According to some example embodiments of inventive concepts, a method of fabricating a semiconductor package may include: providing a first die that has a plurality of first regions adjacent to corners of the first die and a plurality of second regions adjacent to lateral surfaces of the first die, when viewed in a plan view; providing a plurality of first connection terminals on the plurality of first regions of the first die; providing a plurality of second connection terminals on the plurality of second regions of the first die; forming on one surface of the first die an under-fill that covers the plurality of first connection terminals and the plurality of second connection terminals; placing a second die on the first die; and performing a thermocompression process on the plurality of first connection terminals and the plurality of second connection terminals to form a plurality of connection terminals that connect the first die to the second die. A sum of areas of the plurality of first connection terminals per unit area on the plurality of first regions may be greater than a sum of areas of the plurality of second connection terminals per unit area on the plurality of second regions. A first top surface of the under-fill on the plurality of first regions may be higher from the one surface of the first die than a second top surface of the under-fill on the plurality of second regions.
When the terms “about” or “substantially” are used in this specification in connection with a numerical value, it is intended that the associated numerical value includes a manufacturing or operational tolerance (e.g., ±10%) around the stated numerical value. Moreover, when the words “generally” and “substantially” are used in connection with geometric shapes, it is intended that precision of the geometric shape is not required but that latitude for the shape is within the scope of the disclosure. Further, regardless of whether numerical values or shapes are modified as “about” or “substantially,” it will be understood that these values and shapes should be construed as including a manufacturing or operational tolerance (e.g., ±10%) around the stated numerical values or shapes.

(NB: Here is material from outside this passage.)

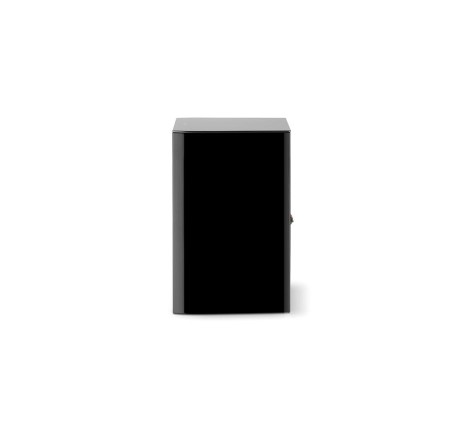 Focal Aria Evo X N°1 lentynė kolonėlė black Focal Aria Evo X N°1 lentynė kolonėlė black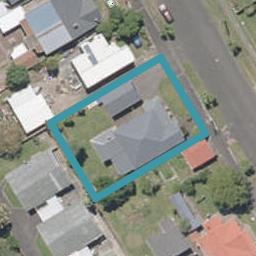 39 Moana Street, Whanganui East, Whanganui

The following will now describe a semiconductor package according to example embodiments of inventive concepts with reference to the accompanying drawings.
Referring to
The base substrate 100 may be provided. The base substrate 100 may include an integrated circuit therein. For example, the base substrate 100 may be a first die that includes an electronic element such as a transistor. For example, the base substrate 100 may be a wafer-level semiconductor die formed of a semiconductor such as silicon (Si).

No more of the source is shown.